L'octroi de cette immunité a-t-elle une légitimité au regard de la CPI ? Quelles peuvent être les conséquences d'une telle décision ?

Cette décision de la part des chefs d’Etat africains est un pas dans la constitution d’un droit judiciaire continental avec au bout de cette idée cette fameuse cour de justice panafricaine ainsi que des contrefeux pour éviter que les sommets de l'Etat ne soient incriminés. Mais une fois de plus, les chefs d'Etat africains sont ce qu'ils sont et regardent à l'extérieur du continent, soit des pays où les règles ne sont finalement pas si différentes.

Certains dirigeants dénoncent le tropisme africain de la CPI. Peut-on effectivement juger que la CPI se focalise particulièrement sur l’Afrique relativement à d'autres régions du monde ? N'est-ce pas justifié ? 

Je pense que la CPI est un instrument qui correspond très certainement à une période qui s'est achevée peu après le 11 septembre, voire avant, et dont on n'a pas la doctrine. De plus, elle a été utilisée à des niveaux tactiques qui ont profondément desservi la construction d'une légitimité internationale. Prenez Omar el-Béchir : les poursuites à son encontre ont été saluées par tous et regardez où en est le Darfour aujourd'hui. D'une part, on a échoué dans son incrimination. El-Béchir n'est en fait pas aussi isolé internationalement que ce qu'ont pu prétendre ceux qui voulaient sa condamnation. Et d'autre part, la condamnation d'Omar el-Béchir n'a rien fait, en tout cas de positif, pour la résolution du conflit au Darfour. Le problème est qu'il suffit de ne plus parler de la crise au Darfour pour que l'occident l'oublie totalement, alors que la situation sur place continue à se dégrader.
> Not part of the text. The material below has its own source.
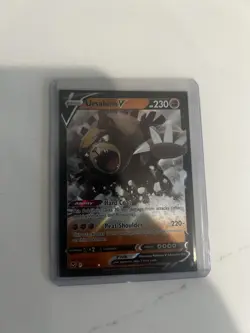 Ursaluna V 102/195 Ultra Rare Silver Tempest Pokemon TCG NM - Image 1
Concernant Jean-Pierre Bemba, c'est tout de même assez extraordinaire qu'il soit poursuivi en 2006, juste après les élections congolaises où il s'affirme en principal opposant d'un leader soutenu par les pays occidentaux, pour des faits qui datent de 2002. On peut également prendre l'exemple du Kenya, où des événements très violents ont eu lieu, à savoir des meurtres et des déplacements massifs de population, alors qu'aujourd'hui, la communauté internationale préfère faire un deal avec l'actuel président et vice-président, plutôt que d'aller à un jugement.
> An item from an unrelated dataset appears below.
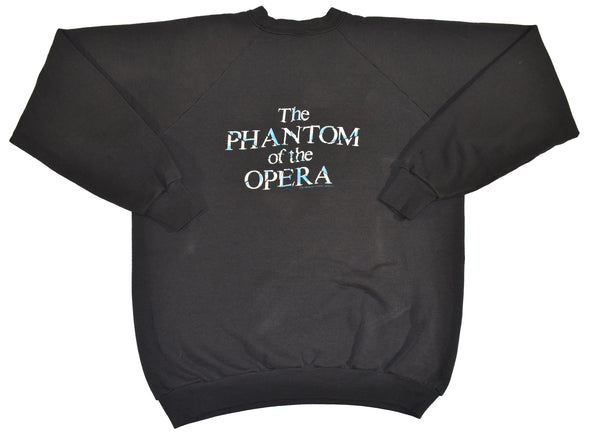 Vintage 90s Phantom Of The Opera Sweatshirt Size X-Large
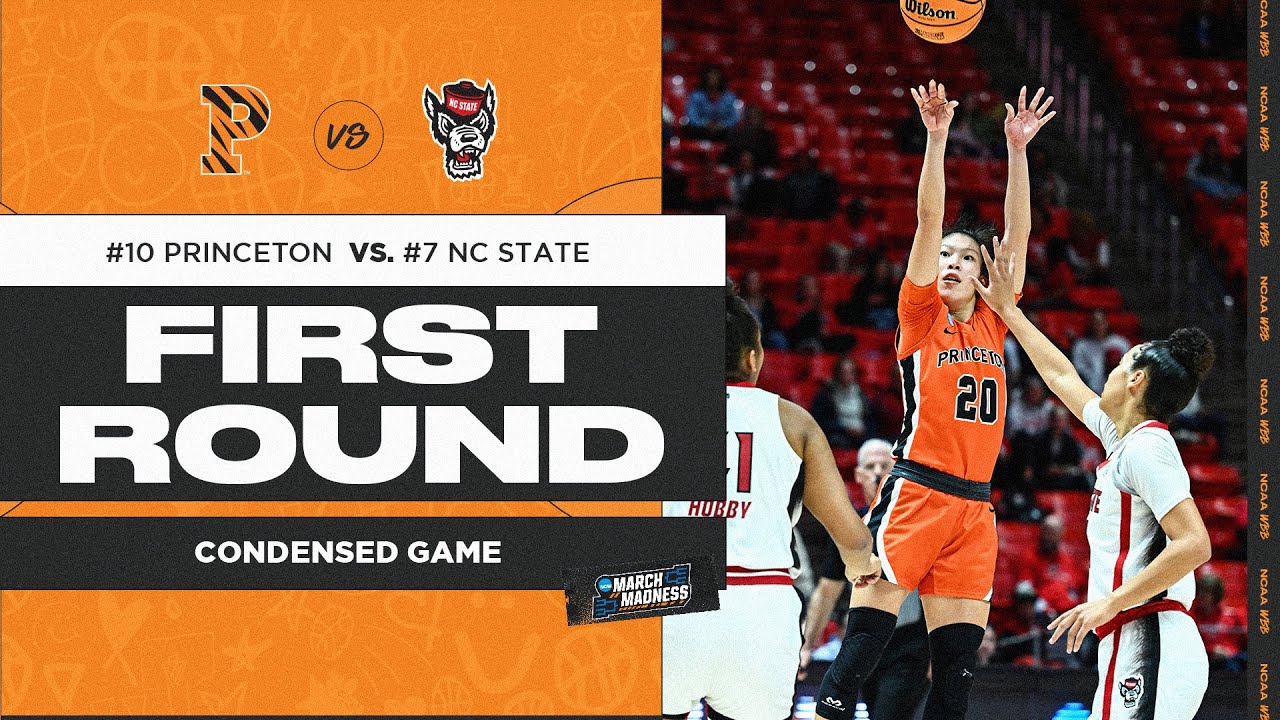 Princeton vs. NC State - First Round NCAA tournament extended highlights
Finalement, chaque cas est différent et peut avoir ses propres justifications. Il faut savoir prendre du recul et être réaliste. Bien sûr, ce qu'ont fait la plupart des dirigeants africains est terrible, mais il faut bien observer le reste des chefs d'Etat également. Par ailleurs, ce qui est retenu en Afrique aujourd'hui, ce n'est pas l'ensemble de ce débat qui peut parfois être compliqué d'un point de vue légal, mais bien que la CPI est un instrument qui ne s'intéresse qu'à un seul continent, à savoir l'Afrique. Si l'on regarde par exemple du côté du Proche Orient – et pas uniquement la Syrie ou l'Irak – je ne suis pas sûr que le droit international y soit toujours respecté rigoureusement. Sur ces dossiers, la CPI ne s'est jamais mise au travail.